What makes a good game.

  • Thread starter Thread starter XDel
  • Start date Start date
  • Views Views 2,609
  • Replies Replies 35
Immersion in the game world, something that sucks you in and makes it feel like a real believable world.

A lot of developers/designers seem to mistake what difficulty actually is these days. Difficulty shouldn't mean that your forced to hide behind cover for 10 mins, stick your head up and take about 3 shots before every single enemy's fire is directed at you, hide behind cover again while your health regenerates, rinse an repeat. In the case of a fps anyway. You need to find a balance of challenging the player, while still providing fun and engaging gameplay.
 
I seem to have wandered into an EOF thread.

I will have to start with difficulty is a very nebulous term as many things can be tested (memory, logic/prediction, reactions, depending upon your opinion of psychometrics your personality.... and if you are going to throw a random element in there possibly "luck" as well). You already started down that path though so I will leave that for the time being.

Similarly there are times I will play games to the exclusion of everything else but I will usually sit there with a video on, audiobook on or otherwise (having to do support for something, chatting on IRC or something) and have a game of tetris going on to have something for my hands to do and in some cases lessen boredom. Tetris and things like it is about my limit here though and I have yet to find a way to play more demanding games and pay attention to a video at the same time and be able to recount the details of both.

I suppose it is here I start pondering concepts like game theory, story design/language of story and more but there are precious few examples of that anywhere and those are the sorts of rules that work really well when you break them and I have not got to that stage in my pondering just yet (music is getting there though).
 
Good story, gameplay and soundtrack are key factors to making a good game. As for difficulty, it's good to have a wide range of difficulty settings to accommodate personal preferences. I like a challenge in a game, but not if it means constantly repeating the same levels 10+ times in order to beat them.
 
Music? are you kidding me?! put some dubstep in it. rofl


Now by Dubstep are you referring to the sound styles conceived by Richard D. James (Aphex Twin), cEvin Key, and other experimental (Industrial) musicians at the time, or are you talking that Skrillex kid who wasn't even in diapers when the sounds he claims he is credited with discovering were created.
And that's the sad thing, instruments now a days are built to create those sounds on the fly with a button or two. Back in the day one had to find them tweak the hardware immensely in order to produce such sounds.

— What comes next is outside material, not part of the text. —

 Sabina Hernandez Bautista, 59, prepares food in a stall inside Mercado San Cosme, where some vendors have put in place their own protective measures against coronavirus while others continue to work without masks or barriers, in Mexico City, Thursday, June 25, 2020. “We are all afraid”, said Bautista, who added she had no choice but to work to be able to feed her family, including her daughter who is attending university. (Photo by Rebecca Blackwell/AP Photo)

Anyhow, back to the discussion at hand. :)
 
Now by Dubstep are you referring to the sound styles conceived by Richard D. James (Aphex Twin), cEvin Key, and other experimental (Industrial) musicians at the time, or are you talking that Skrillex kid who wasn't even in diapers when the sounds he claims he is credited with discovering were created.
And that's the sad thing, instruments now a days are built to create those sounds on the fly with a button or two. Back in the day one had to find them tweak the hardware immensely in order to produce such sounds.

Anyhow, back to the discussion at hand. :)

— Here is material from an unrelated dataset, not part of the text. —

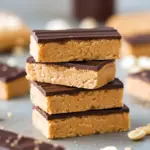 Stack of chocolate-drizzled bars on parchment, a visual guide to How To Make No Bake Protein Bars and a great example of Protein Bars Homemade Healthy No Bake; close-up shows one Protein Bar cut to reveal texture — ideal for bookmarking under Protein Bar Recipes.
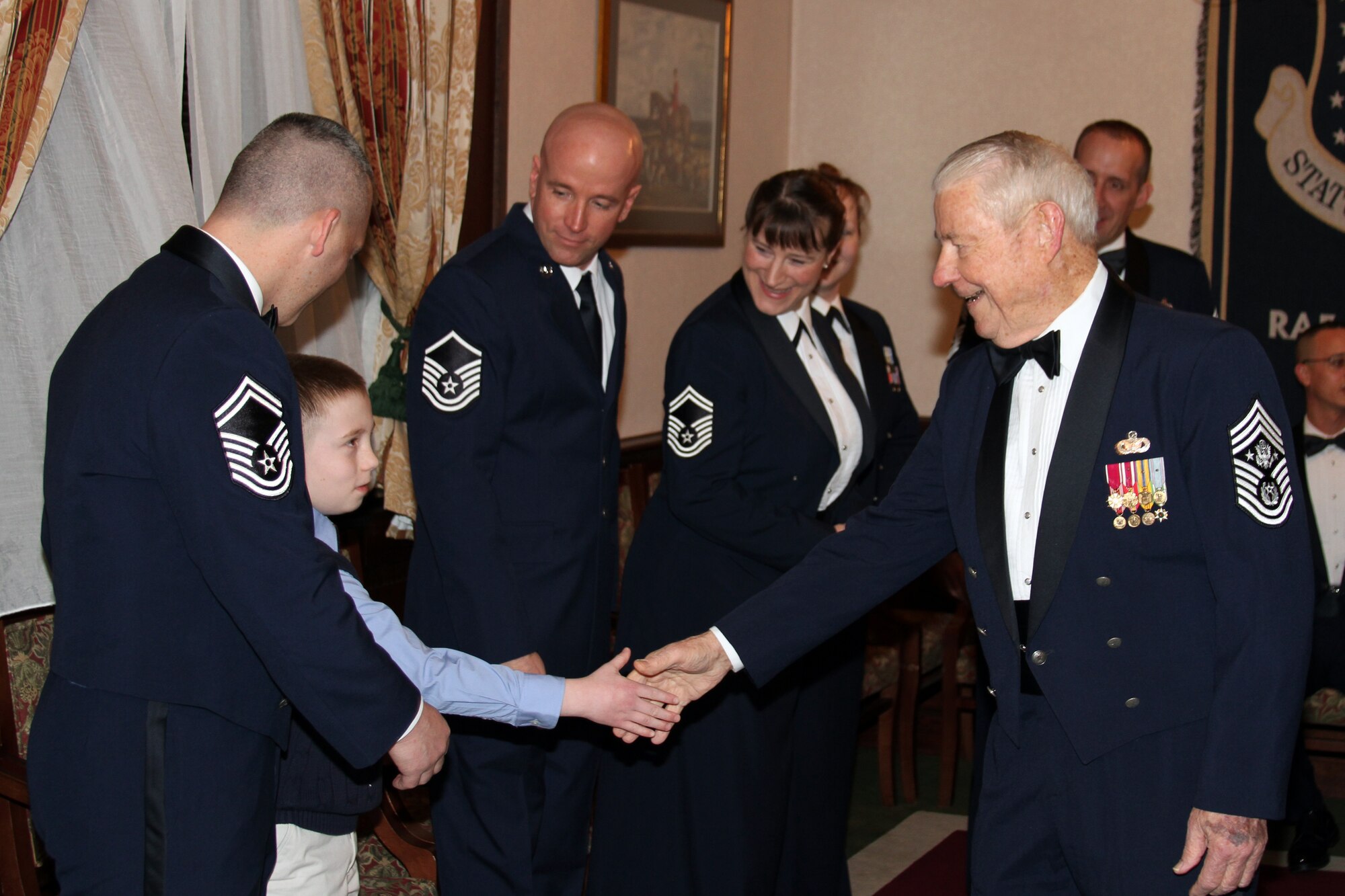 RAF LAKENHEATH, United Kingdom – Senior Master Sgt. Gene Eastman, 501st CSW Regional Contracting Office chief, and his son Alex, meet retired Chief Master Sgt. of the Air Force Robert Gaylor, the fifth Chief Master Sergeant of the Air Force, during a Chief Master Sergeant Recognition Ceremony at RAF Lakenheath’s Eagles' Landing March 9. Retired Chief Master Sgt. of the Air Force Gaylor was the guest speaker of the ceremony. (Courtesy photo)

I have no idea, I'm not familiar with the personalities you mentioned.
 
I have no idea, I'm not familiar with the personalities you mentioned.

You might like them if you like Dubstep, granted, early industrial/ambient/experimental musick is quite a different ball game than what you are used to I'm sure, but if you listen long enough, you'll start to hear a lot of sound techniques used that have became common place in a lot of today's musick...

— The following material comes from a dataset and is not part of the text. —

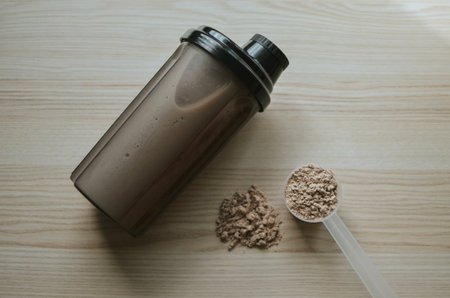 measuring cup with chocolate protein and shake for making a cocktailの写真素材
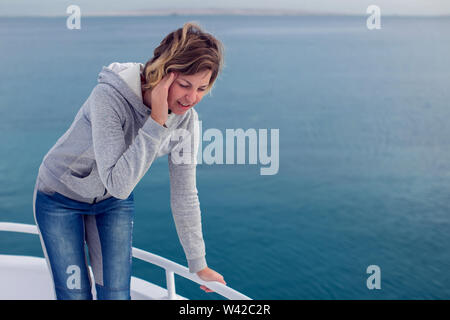 Cruise sea motion sickness tourist woman seasick on boat vacation with headache. Fear of travel or illness virus on cruising holiday. Stock Photo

...though not always in a way I find please, but I'm a bit of a dime store musick historian, so I'm anal retentive that way. :)

This tack isn't terribly old, but it's from Aphex Twin (formed in 1985) who was a MAJOR influence on the whole scene they are now calling Dubstep.



 
Good pacing.

You know how some games have that "just one more level/mission/round/stage" effect, and before you know it it's 50 rounds later and it's morning? That makes a good game.
 
A good game is hard to define. Sometimes it's the excellent multiplayer for RTS (Red Alert 2, Starcraft), good story (Might and Magic 6&7), good gameplay (Uncharted, Portal, Fallout), new gameplay (FFXII) or perhaps intense story telling and music (Heavy Rain). Personally I have a load of different types of games on my consoles, but not a single genre dominates the lists. Of course the RPGs are the longest in terms of playtime, but that doesn't mean the other games are bad :P

Difficulty is a questionable matter for me and depends mostly on the type. If there is a game that is challenging, I'm ok with that. If the game is challenging because of bugs in the engine, I'll pass. Artificial difficulty is not a good thing, but a good challenge is nice (for example tougher enemies, less ammo/spells/hp, no respawns, etc).
 
Why hasn't anybody mentioned "free" :P

but, anyway, a good point is intuitive controls.
Also, I know a number of seemingly good games that I turned off the music and left the sound effects on and they suddenly sucked. I nice, catchy background music can do wonders for a game.